In a subsequent opinion dated January 24, 1990, Surrogate Lambert also permitted the Countess to depose the Countess' stepson, Riccardo Agusta. Upon the inevitable appeal, this order was reversed by the Appellate Division, on the grounds that Riccardo Agusta, who is a citizen of Monaco, could only be deposed using the procedures set forth in the Hague Convention. Matter of Agusta, 171 A.D.2d 595, 567 N.Y.S.2d 664 (1st Dep't 1991). Though it appears that certain restraining orders have been entered with respect to entities which may be controlled, or have some connection with, the Count's Estate, as of this date no final determination regarding the appointment of a Temporary Administrator has been reached by the Surrogate's Court.

Mr. Hörler, in the meantime, has been engaged in a parallel investigation with respect to the Count's assets. On February 14, 1991, Mr. Hörler filed an application in this Court for judicial assistance, pursuant to 28 U.S.C. § 1782(a).

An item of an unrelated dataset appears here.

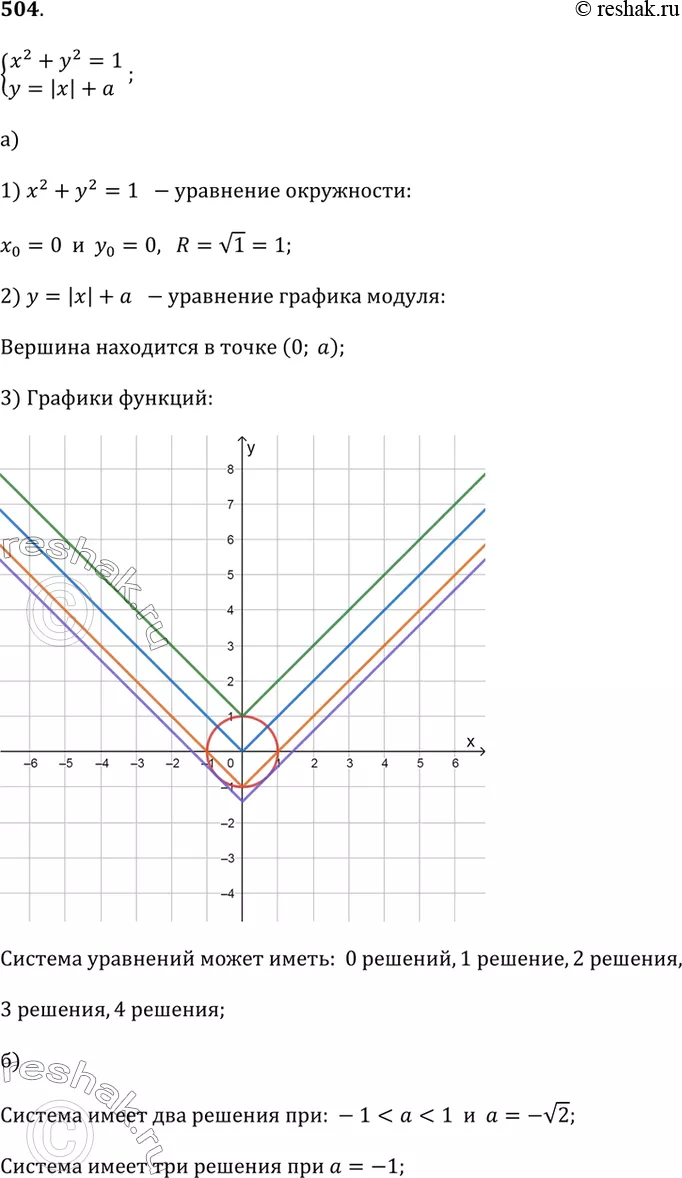 Решение 1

This statute provides that "The district court of the district in which a person resides or is found may order him to give his testimony or statement or to produce a document or other thing for use in a proceeding in a foreign or international tribunal." 28 U.S.C. § 1782(a) (West 1966). Mr. Hörler presumably sought the assistance of the federal courts because persons with interests in, or knowledge of, the location of the Estate's assets in the Americas had refused to cooperate with his investigation, which relates to a proceeding in a foreign tribunal, that is, the Probate Court of Oberengadin, Switzerland.

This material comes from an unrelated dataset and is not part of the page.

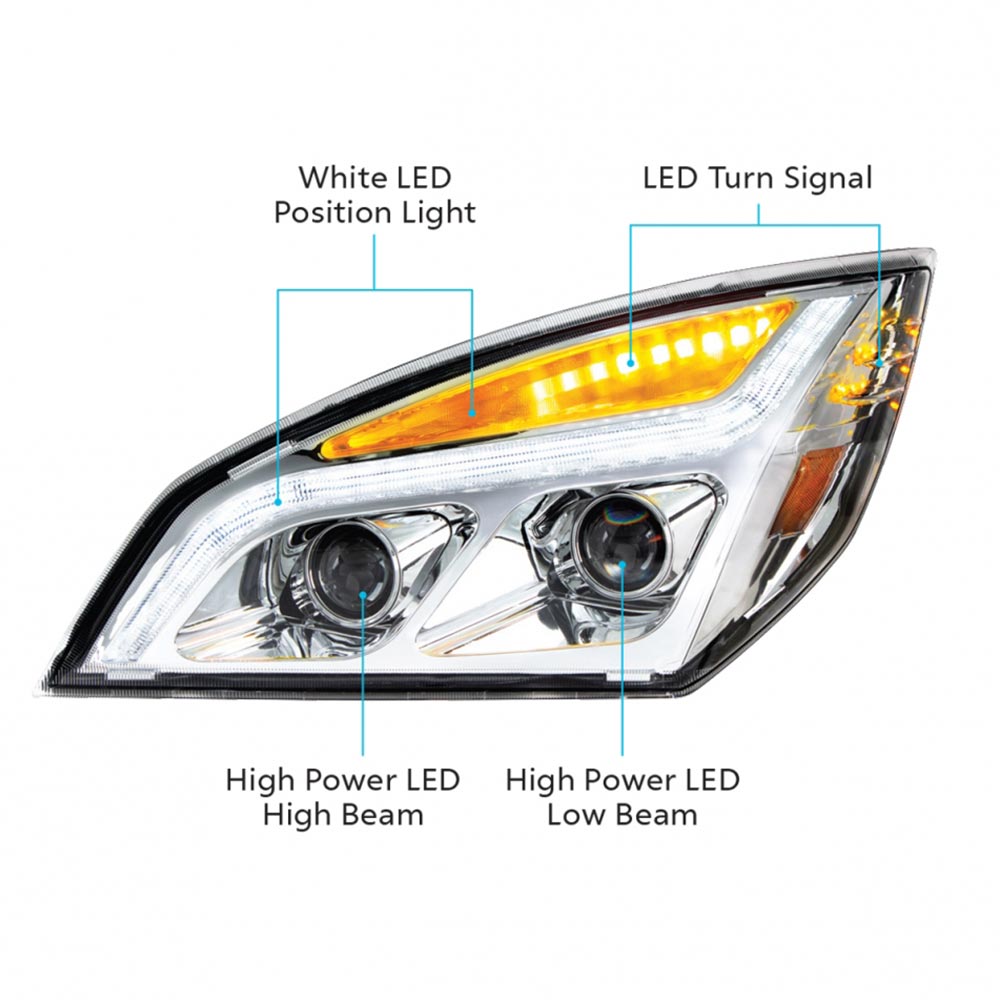 Freightliner Cascadia P4 LED Projection Headlight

On February 15, 1991, Judge Sprizzo of this Court, presiding in Part I of this Court, issued an ex parte order allowing Mr. Hörler to take the depositions of certain witnesses. Of particular importance to this motion is that portion of Judge Sprizzo's Order granting the applicant the right to depose Ms. Gloria Neuwirth and the law firm of Sonnenfeld & Richman. Ms. Neuwirth, who is an attorney, became involved in this matter because Mr. Grossman, the Count's New York attorney and adviser, died in September 1990. Ms. Neuwirth apparently worked with Mr. Grossman, and currently represents the executors of his estate. Likewise, the law firm of Sonnenfeld & Richman worked with Mr. Grossman on some matters relating to Count Agusta, including, significantly, the defense of both the Supreme Court and Surrogate's Court actions.

Both Ms. Neuwirth and Sonnenfeld & Richman then moved to quash the subpoenas, arguing inter alia that Mr. Hörler was not an "interested person" within the meaning of the statute and that the probate proceeding in Oberengadin did not qualify as a "foreign tribunal". By endorsement Order dated ...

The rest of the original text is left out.